Senate panel boosts funding for nuke weapons facilities
Signaling anew that it believes the Cold War remains alive and kicking, a Senate subcommittee last week approved a $22.5 billion energy and water bill that squeezes spending for congressionally coveted pork barrel projects in order to boost spending for nuclear weapons facilities.
In rapid-fire fashion on Thursday, the Appropriations Subcommittee on Energy and Water Development whisked the bulky bill, by voice vote, to the full committee. The committee is expected to take it up Tuesday, and panel leaders hope there will be enough time to get it to the Senate floor for a vote before members break camp on July 29 for national party conventions in Philadelphia (GOP) and Los Angeles (Democrats) next month.
Many members are especially anxious to get the bill (H.R. 4733) through Congress and thus claim bragging rights for bringing home water projects in advance of the fall election campaigns.
The Senate's version of the bill tops spending in a similar House bill by some $700 million. But most of that extra money appears to go for improvements in safeguarding nuclear weapons secrets and for upgrading time-worn weapons development and storage facilities, mostly in New Mexico, Texas, Idaho, South Carolina, Tennessee and Missouri.

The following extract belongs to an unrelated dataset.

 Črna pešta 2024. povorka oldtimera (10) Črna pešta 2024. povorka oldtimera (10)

The bill also boosts spending for environmental cleanup efforts at weapons plants in Hanford, Wash., and Savannah River, S.C.

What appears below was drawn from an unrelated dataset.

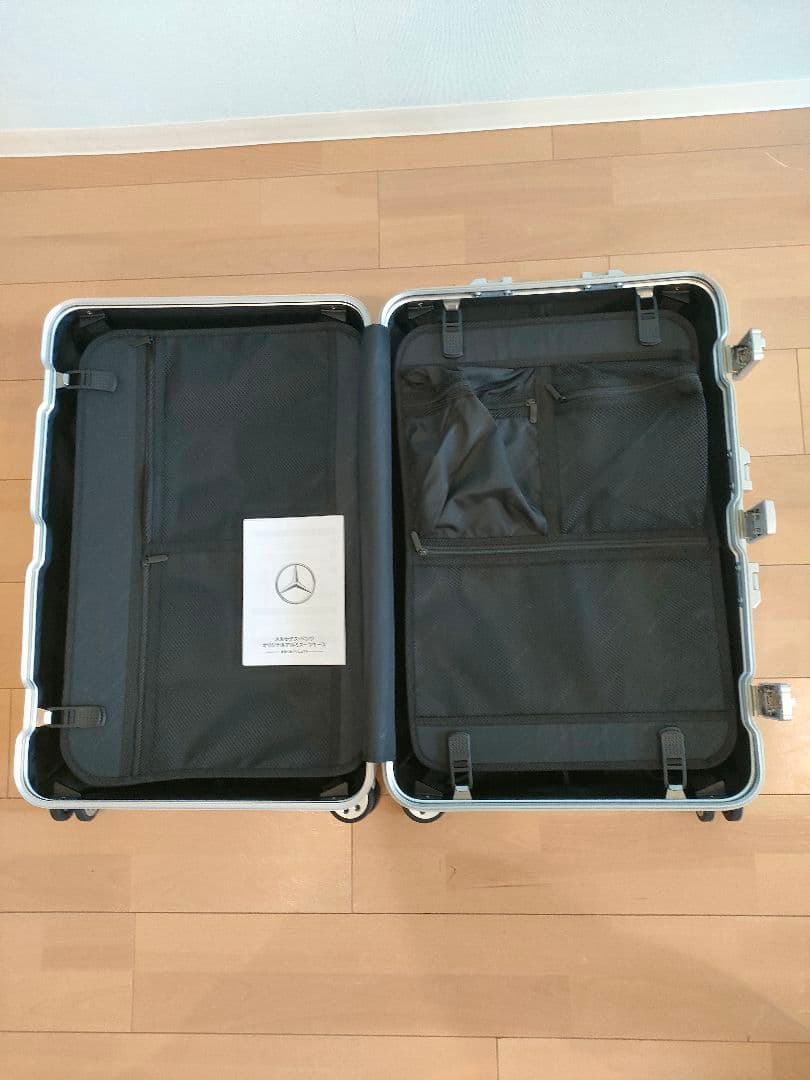 ビリー 新品未使用　キャリーケース　メルセデスベンツ　カバー付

Subcommittee chairman Pete V. Domenici, R-N.M., said spending for defense projects in fiscal 2001 was set at nearly $13.5 billion-$400 million more than President Clinton requested and almost $1.4 billion higher than this year.
At the same time, he explained, non-defense projects took a slight cut in order to make room for the added defense spending. Those local projects, ranging from dams and impoundments to harbor dredging and irrigation systems, would be funded at $8.9 billion- $73 million less than this year and $603 million below the president's mark.

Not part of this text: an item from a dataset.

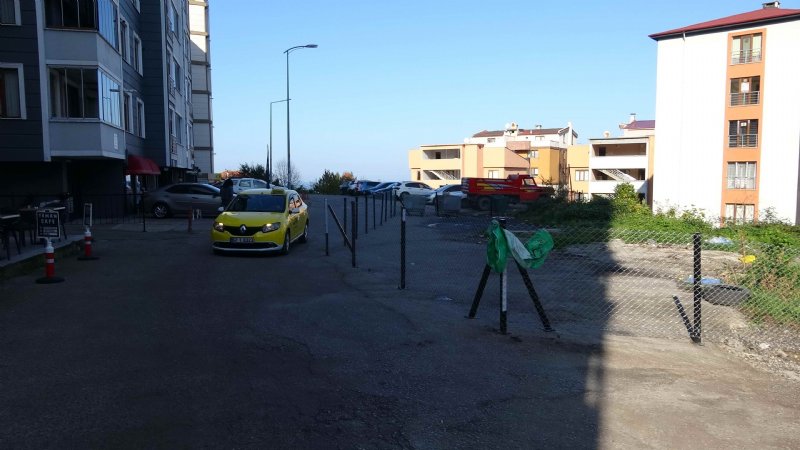 ÇİT ÇEKİP YOLU KAPATTI - 1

He also indicated that President Clinton is not going to like the way the Senate bill turned out, since lawmakers supplanted many of his non-defense water projects with favorites of their own. Domenici characterized these changes as the result of "some very legitimate requests from members" of Congress.
The New Mexico Republican also warned that some members are going to be disappointed when the closely-held bill is finally revealed to the public (the subcommittee refused to make copies available on Thursday). "We have included no (money) for new construction starts or new initiatives (in 2001), and only a very limited number of new studies or planning projects," Domenici said. Nor, he added, does the bill include water and sewer projects authorized in the 1999 Water Resources Development Act or any "unauthorized projects" from other legislation.
It does, however, include a Domenici provision that environmentalists complained would ensure the extinction of the last colony of silvery minnows downstream from a dam on the Rio Grande River. The senator's amendment, according to Heather Weiner, an attorney with Earthjustice Legal Defense Fund, would bar the release of sufficient water from an irrigation impoundment pool behind the dam to keep the fish alive.
Meanwhile, the Department of Energy's non-defense programs took some hits in the subcommittee's bill. Science programs got $2.92 billion, about $242 million less than the president requested although $133 million more than this year. More than half of that increase, however, was ticketed for a single item in Tennessee-the Spallation Neutron Source research project.
Other science projects were not so lucky. The subcommittee cut back funding for high energy physics, nuclear physics and fusion energy research. The fusion project, in particular, is prized by energy policy mavens, who believe it could eventually provide an inexhaustible source of energy if the key to harnessing fusion power could be found.
The subcommittee's bill also contains:
- $4.1 billion for the Army Corps of Engineers, $41 million more than the president sought but $22 million below this year's level.
- $753 million for the Bureau of Reclamation, $48 million less than Clinton asked for and $13 million below this year.